(Problem description)
Go through the data and retrieve each line that includes the string "фото".

(Exercise data)
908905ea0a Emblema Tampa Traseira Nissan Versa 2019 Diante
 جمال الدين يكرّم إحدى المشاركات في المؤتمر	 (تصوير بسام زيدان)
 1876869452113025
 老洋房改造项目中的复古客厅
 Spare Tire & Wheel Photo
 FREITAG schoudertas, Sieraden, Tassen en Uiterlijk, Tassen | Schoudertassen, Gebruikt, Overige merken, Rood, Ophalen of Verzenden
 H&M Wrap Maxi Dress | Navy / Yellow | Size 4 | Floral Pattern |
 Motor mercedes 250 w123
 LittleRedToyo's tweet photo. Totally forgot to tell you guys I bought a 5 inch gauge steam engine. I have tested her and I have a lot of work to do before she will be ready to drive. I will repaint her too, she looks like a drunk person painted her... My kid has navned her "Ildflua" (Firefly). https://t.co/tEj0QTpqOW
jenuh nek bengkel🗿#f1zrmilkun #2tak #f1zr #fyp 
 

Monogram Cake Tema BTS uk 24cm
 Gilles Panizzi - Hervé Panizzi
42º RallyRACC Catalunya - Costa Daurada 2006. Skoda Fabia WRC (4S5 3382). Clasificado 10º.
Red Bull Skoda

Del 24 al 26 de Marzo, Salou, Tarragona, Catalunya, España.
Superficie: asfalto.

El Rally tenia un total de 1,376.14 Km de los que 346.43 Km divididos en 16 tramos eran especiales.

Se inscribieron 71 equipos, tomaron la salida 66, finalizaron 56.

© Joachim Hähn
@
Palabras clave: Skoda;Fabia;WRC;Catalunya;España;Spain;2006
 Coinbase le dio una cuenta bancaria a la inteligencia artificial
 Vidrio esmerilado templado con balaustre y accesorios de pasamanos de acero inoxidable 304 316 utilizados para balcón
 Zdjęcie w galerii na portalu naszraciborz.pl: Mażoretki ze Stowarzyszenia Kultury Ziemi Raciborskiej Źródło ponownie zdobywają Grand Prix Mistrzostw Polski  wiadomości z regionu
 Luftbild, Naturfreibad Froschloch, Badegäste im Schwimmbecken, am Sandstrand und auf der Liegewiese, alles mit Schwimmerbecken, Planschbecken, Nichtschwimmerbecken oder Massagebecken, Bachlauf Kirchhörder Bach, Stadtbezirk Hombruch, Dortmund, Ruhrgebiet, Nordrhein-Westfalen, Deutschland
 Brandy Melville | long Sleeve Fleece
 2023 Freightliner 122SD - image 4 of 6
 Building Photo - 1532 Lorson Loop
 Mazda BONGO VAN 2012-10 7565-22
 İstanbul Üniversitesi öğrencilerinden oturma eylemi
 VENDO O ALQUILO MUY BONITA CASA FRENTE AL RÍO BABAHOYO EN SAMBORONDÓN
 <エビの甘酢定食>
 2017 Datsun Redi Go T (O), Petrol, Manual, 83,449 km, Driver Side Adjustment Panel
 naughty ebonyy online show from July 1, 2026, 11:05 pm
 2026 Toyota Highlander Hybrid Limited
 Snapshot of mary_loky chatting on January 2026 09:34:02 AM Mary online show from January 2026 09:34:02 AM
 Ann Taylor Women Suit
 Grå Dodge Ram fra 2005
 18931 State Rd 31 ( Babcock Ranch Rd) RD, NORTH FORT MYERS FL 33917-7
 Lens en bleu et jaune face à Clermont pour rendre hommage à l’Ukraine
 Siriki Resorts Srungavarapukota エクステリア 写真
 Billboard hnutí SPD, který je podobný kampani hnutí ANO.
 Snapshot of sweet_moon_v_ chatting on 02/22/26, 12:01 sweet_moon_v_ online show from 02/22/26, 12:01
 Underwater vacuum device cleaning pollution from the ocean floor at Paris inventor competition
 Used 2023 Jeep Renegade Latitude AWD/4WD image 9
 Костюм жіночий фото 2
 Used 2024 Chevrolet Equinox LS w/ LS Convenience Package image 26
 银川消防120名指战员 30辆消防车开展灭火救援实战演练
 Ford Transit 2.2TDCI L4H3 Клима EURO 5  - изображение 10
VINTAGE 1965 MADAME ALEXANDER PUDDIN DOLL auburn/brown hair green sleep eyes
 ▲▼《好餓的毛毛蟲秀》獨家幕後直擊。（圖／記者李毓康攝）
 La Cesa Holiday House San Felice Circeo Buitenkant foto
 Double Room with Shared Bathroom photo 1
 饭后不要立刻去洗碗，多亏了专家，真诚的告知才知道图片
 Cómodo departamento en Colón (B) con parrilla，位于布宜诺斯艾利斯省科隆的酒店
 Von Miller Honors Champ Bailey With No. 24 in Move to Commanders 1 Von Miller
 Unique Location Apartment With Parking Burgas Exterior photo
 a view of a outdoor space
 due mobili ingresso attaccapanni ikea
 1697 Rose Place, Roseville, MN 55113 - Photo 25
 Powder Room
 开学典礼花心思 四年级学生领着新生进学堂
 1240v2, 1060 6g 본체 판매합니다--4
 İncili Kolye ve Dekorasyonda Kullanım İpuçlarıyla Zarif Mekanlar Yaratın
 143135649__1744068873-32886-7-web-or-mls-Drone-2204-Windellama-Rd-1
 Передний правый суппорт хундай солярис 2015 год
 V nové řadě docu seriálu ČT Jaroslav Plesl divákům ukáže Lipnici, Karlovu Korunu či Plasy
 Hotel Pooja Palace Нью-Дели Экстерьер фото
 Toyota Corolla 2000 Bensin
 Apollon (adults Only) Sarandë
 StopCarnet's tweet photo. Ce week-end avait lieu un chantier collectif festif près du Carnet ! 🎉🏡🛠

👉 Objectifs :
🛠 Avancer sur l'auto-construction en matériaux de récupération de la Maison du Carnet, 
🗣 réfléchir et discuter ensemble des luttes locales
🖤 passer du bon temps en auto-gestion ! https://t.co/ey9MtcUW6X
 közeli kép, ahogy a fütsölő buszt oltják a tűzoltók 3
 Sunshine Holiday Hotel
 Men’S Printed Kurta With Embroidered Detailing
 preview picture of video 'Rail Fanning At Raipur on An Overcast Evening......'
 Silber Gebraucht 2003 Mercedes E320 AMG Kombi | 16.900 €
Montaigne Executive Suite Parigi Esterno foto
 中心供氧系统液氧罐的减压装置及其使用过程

(Exercise solution)
 Костюм жіночий фото 2
 Hotel Pooja Palace Нью-Дели Экстерьер фото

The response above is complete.